The hobbits? They lived in Asia
According to recent studies, carried out by Professor Yousuke Kaifu, Homo florensiensis, nicknamed "hobbits" because of their resemblance to the creatures of Tolkien, changed their physical characteristics to adapt to the island of Flores.

Jakarta (AsiaNews / Agencies) - The hobbits are not only fantastic creatures invented by Tolkien, but before filling the pages of Lord of the Rings it seems that they inhabited the forests of Indonesia. About one meter tall and with a tiny skull, the skeleton found in 2003 on the island of Flores is known by the scientific community as Homo florensiensis. Its discoverers have dubbed it the "hobbit".

For years scientists believed that they were faced with a physical dysfunction, a primitive form of dwarfism, or an extinct human species. But the hypothesis recently put forward by the Japanese Yousuke Kaifu, albeit with the same starting assumptions of those that preceded it, has provided a new way of seeing the case from the point of view of evolution.

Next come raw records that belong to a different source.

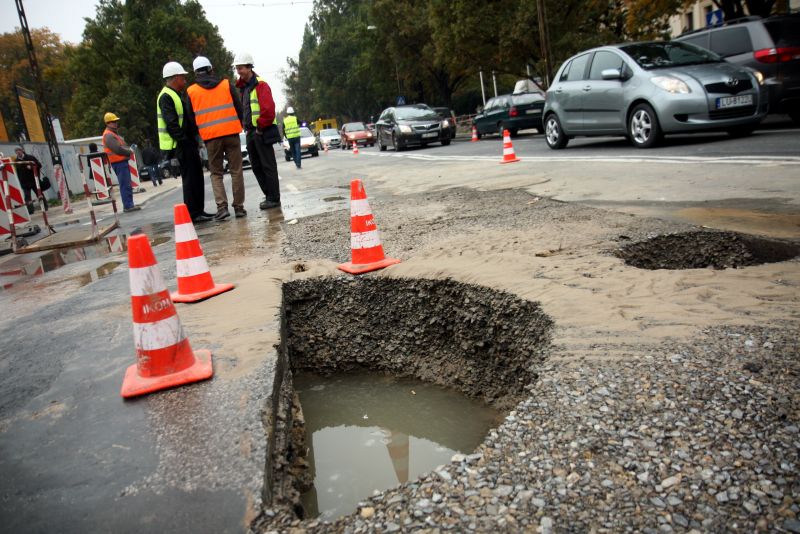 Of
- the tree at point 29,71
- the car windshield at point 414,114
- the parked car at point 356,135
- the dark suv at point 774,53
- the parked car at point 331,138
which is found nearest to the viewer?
the dark suv at point 774,53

According to the expert from the Japanese Museum of Natural Sciences in Tokyo, the hobbit is the ancestor of the Asian Homo erectus. The short stature and undersized skull are the result of a climate adaptation. Studies by Kaifu have in fact proved that having moved from Asia to this Indonesian island of Flores, Homo florensienses  changed their physical characteristics.

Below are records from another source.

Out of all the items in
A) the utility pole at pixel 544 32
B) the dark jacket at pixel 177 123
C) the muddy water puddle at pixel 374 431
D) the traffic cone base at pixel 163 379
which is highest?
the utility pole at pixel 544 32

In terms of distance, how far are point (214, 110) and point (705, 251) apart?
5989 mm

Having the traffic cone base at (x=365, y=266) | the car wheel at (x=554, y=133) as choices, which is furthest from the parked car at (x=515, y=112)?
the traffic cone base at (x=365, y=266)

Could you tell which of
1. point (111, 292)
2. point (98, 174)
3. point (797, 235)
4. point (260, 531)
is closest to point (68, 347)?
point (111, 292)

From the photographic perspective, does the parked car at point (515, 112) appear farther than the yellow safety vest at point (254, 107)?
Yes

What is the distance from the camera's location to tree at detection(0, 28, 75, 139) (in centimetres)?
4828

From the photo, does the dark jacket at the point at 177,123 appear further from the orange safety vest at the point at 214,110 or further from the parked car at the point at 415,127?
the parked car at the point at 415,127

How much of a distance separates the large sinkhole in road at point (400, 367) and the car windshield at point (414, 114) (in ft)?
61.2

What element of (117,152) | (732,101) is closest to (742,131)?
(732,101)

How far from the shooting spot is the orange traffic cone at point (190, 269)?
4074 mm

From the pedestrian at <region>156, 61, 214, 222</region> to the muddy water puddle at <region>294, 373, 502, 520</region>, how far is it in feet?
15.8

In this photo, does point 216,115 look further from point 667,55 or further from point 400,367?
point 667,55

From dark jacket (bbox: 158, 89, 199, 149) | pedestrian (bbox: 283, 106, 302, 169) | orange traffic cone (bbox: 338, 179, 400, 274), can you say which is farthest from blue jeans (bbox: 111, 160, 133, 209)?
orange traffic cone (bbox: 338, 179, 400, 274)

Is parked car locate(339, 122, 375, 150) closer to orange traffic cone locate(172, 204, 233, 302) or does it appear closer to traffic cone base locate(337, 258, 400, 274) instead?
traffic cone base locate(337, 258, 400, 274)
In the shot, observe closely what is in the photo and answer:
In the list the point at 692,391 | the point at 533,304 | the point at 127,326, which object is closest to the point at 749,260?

In the years following the discovery of Homo florensiensis, Prof. Chris Stringer, of the Natural History Museum in London, argued that the hobbit had originated from the direct evolution of an African primate that migrated to Asia. "Florensiensis was a failed experiment and lasted for the last 50 thousand years, we humans are the last survivors of all these evolutionary experiments." Said the British expert placing the hobbit story at a dead end.

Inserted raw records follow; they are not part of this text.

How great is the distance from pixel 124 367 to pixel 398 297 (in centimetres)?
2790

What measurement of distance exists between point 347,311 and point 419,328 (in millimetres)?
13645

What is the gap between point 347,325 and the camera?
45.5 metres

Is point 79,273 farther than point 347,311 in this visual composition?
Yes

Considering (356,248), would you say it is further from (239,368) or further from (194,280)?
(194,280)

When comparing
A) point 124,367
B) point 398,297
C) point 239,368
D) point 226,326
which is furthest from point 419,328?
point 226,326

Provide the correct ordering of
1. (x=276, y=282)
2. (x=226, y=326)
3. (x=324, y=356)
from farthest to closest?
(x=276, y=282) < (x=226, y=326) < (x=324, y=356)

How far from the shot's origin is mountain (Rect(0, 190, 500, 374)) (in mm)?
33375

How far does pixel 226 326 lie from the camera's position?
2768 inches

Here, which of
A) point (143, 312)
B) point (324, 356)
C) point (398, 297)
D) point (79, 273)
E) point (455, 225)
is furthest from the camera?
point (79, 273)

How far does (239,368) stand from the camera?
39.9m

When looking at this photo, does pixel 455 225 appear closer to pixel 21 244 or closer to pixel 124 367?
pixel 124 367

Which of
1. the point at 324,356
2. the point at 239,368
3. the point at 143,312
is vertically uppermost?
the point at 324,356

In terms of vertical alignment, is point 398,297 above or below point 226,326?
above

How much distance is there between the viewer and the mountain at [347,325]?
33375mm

American Professor Dean Folk of the University of Florida and the author between 2005 and 2007 of a theory in which she claims the hobbit belongs to another human species, termed the Kaifu hypothesis as "the most convincing." The same Japanese professor, however, has admitted in a more cautious that his work "does not prove that H. erectus is the ancestor of H. Floresiensis." He adds that "it is possible that the skull of H.Floresiensis is too small to be the result of a simple shrinkage."